## To do:
Each entry that follows needs to be written out exactly, with nothing left out.
Data to examine below:
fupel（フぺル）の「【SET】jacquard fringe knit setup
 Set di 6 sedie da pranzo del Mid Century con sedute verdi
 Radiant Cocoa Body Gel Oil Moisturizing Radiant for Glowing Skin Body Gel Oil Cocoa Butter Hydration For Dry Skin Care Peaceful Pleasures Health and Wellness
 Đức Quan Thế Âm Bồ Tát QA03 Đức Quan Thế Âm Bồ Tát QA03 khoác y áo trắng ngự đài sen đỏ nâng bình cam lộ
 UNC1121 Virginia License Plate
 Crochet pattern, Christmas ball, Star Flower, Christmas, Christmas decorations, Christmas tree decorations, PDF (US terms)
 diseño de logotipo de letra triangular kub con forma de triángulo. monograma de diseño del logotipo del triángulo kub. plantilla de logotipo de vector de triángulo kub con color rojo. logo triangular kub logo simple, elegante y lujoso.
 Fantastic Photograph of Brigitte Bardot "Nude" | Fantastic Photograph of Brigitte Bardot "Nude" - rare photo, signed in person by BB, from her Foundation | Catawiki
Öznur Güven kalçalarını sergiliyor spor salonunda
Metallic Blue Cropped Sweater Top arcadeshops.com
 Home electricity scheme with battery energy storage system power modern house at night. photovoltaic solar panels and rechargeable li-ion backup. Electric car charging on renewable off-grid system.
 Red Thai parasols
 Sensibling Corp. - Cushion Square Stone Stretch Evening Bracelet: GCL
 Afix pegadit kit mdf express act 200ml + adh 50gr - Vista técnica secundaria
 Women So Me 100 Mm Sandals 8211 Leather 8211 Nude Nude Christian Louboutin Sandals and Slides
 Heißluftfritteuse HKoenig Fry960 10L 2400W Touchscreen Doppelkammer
End of Data to examine.
## Reply to the task:
fupel（フぺル）の「【SET】jacquard fringe knit setup
 Set di 6 sedie da pranzo del Mid Century con sedute verdi
 Radiant Cocoa Body Gel Oil Moisturizing Radiant for Glowing Skin Body Gel Oil Cocoa Butter Hydration For Dry Skin Care Peaceful Pleasures Health and Wellness
 Đức Quan Thế Âm Bồ Tát QA03 Đức Quan Thế Âm Bồ Tát QA03 khoác y áo trắng ngự đài sen đỏ nâng bình cam lộ
 UNC1121 Virginia License Plate
 Crochet pattern, Christmas ball, Star Flower, Christmas, Christmas decorations, Christmas tree decorations, PDF (US terms)
 diseño de logotipo de letra triangular kub con forma de triángulo. monograma de diseño del logotipo del triángulo kub. plantilla de logotipo de vector de triángulo kub con color rojo. logo triangular kub logo simple, elegante y lujoso.
 Fantastic Photograph of Brigitte Bardot "Nude" | Fantastic Photograph of Brigitte Bardot "Nude" - rare photo, signed in person by BB, from her Foundation | Catawiki
Öznur Güven kalçalarını sergiliyor spor salonunda
Metallic Blue Cropped Sweater Top arcadeshops.com
 Home electricity scheme with battery energy storage system power modern house at night. photovoltaic solar panels and rechargeable li-ion backup. Electric car charging on renewable off-grid system.
 Red Thai parasols
 Sensibling Corp. - Cushion Square Stone Stretch Evening Bracelet: GCL
 Afix pegadit kit mdf express act 200ml + adh 50gr - Vista técnica secundaria
 Women So Me 100 Mm Sandals 8211 Leather 8211 Nude Nude Christian Louboutin Sandals and Slides
 Heißluftfritteuse HKoenig Fry960 10L 2400W Touchscreen Doppelkammer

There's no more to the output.